(RECORDS SUPPLIED begins)
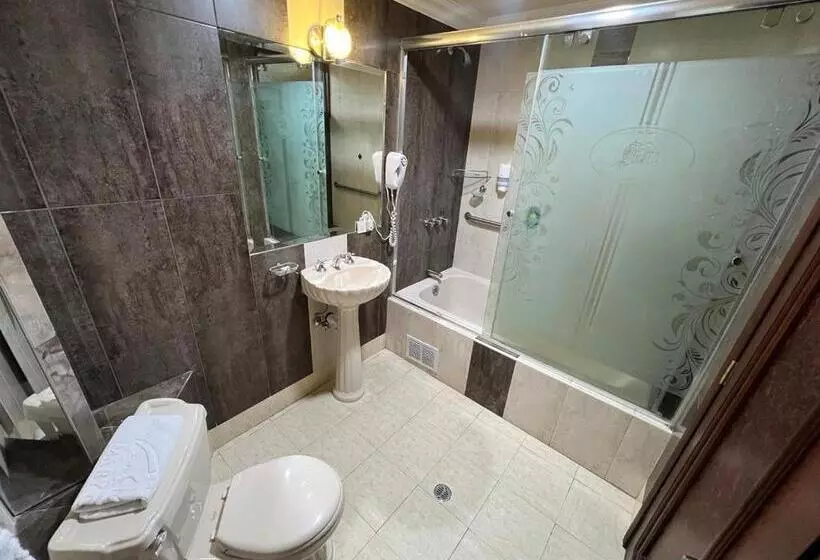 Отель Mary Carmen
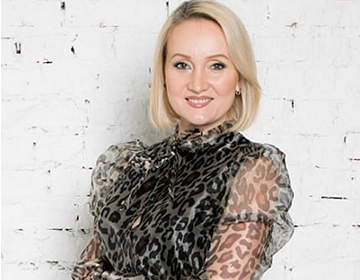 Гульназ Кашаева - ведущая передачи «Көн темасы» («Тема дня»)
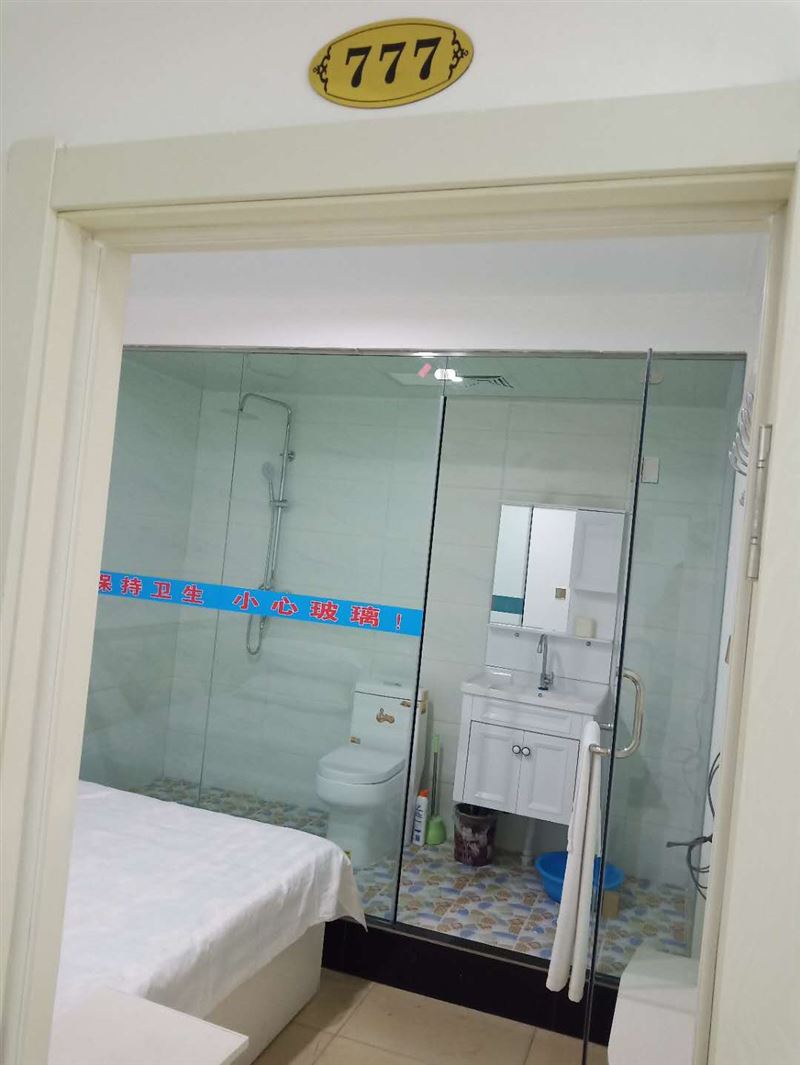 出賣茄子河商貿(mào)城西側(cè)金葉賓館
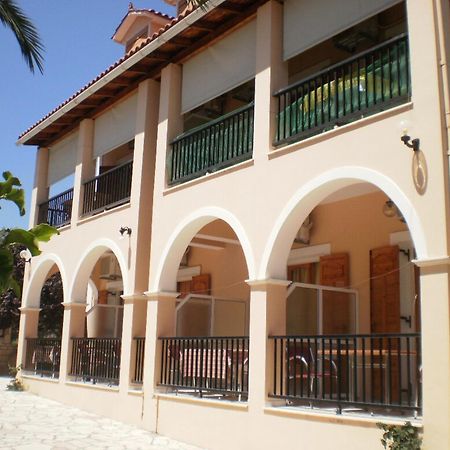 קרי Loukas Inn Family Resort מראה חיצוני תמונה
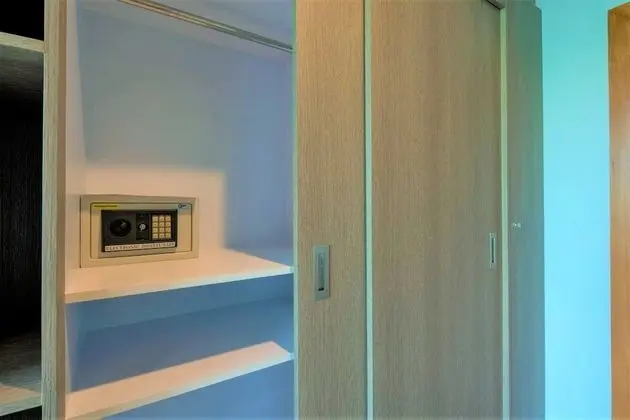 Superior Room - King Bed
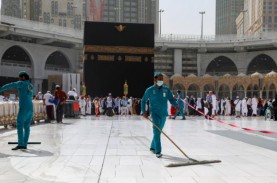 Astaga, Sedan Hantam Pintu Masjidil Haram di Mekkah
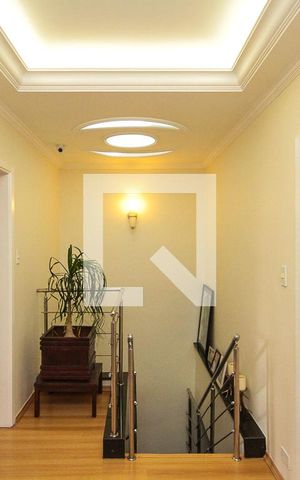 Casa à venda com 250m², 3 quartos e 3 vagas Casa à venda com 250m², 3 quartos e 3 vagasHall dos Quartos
(RECORDS SUPPLIED ends)
(RECORDS SUPPLIED begins)
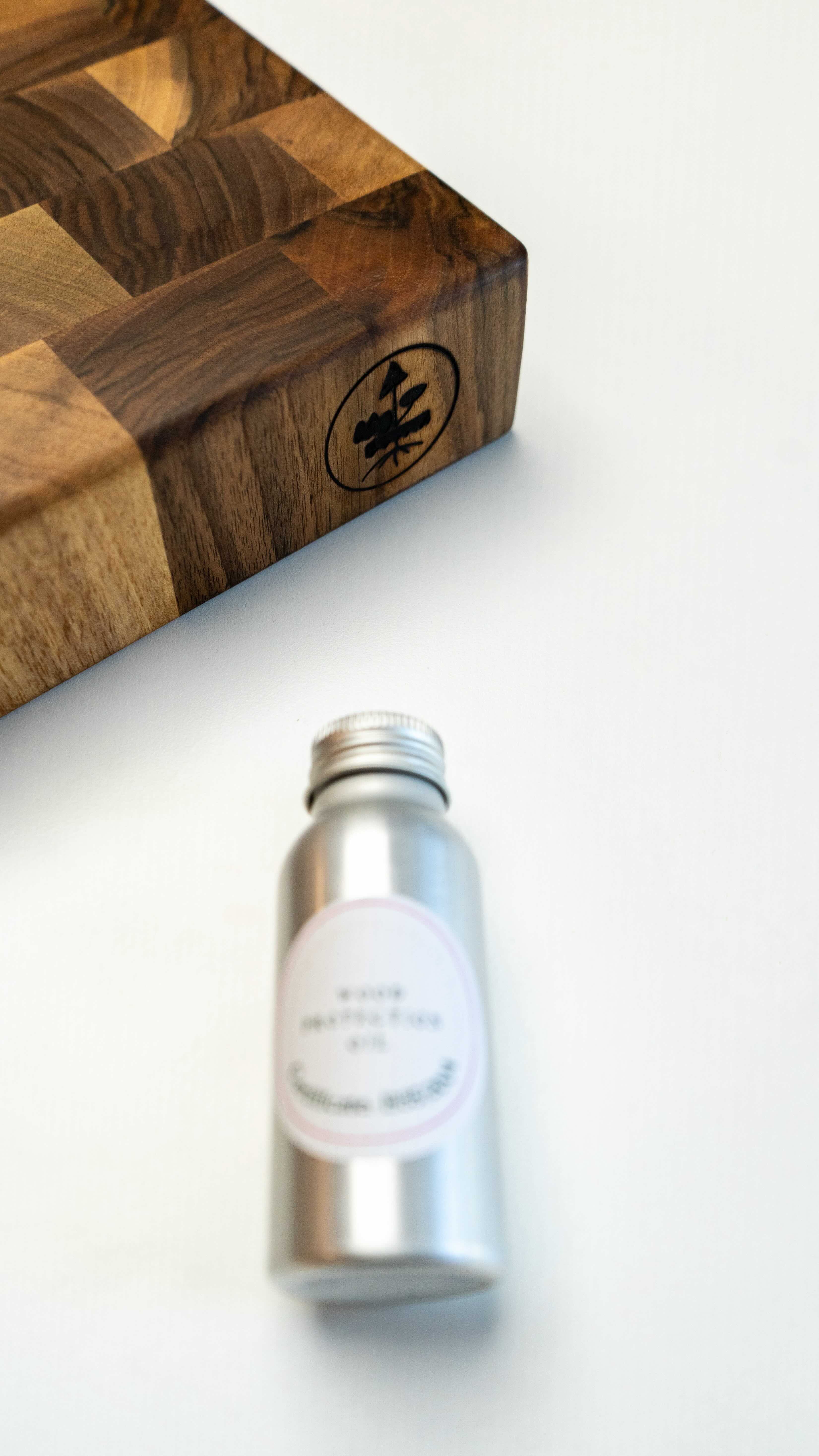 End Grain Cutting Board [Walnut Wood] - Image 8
(RECORDS SUPPLIED ends)
**YOUR TASK**
Repeat exactly, and only, the entries from the line with "קרי Loukas Inn" through the line with "Casa à venda com 250m², 3 quartos e 3 vagas Casa". Pictures are skipped.

**SOLUTION FOR THIS EXERCISE**
 קרי Loukas Inn Family Resort מראה חיצוני תמונה
 Superior Room - King Bed
 Astaga, Sedan Hantam Pintu Masjidil Haram di Mekkah
 Casa à venda com 250m², 3 quartos e 3 vagas Casa à venda com 250m², 3 quartos e 3 vagasHall dos Quartos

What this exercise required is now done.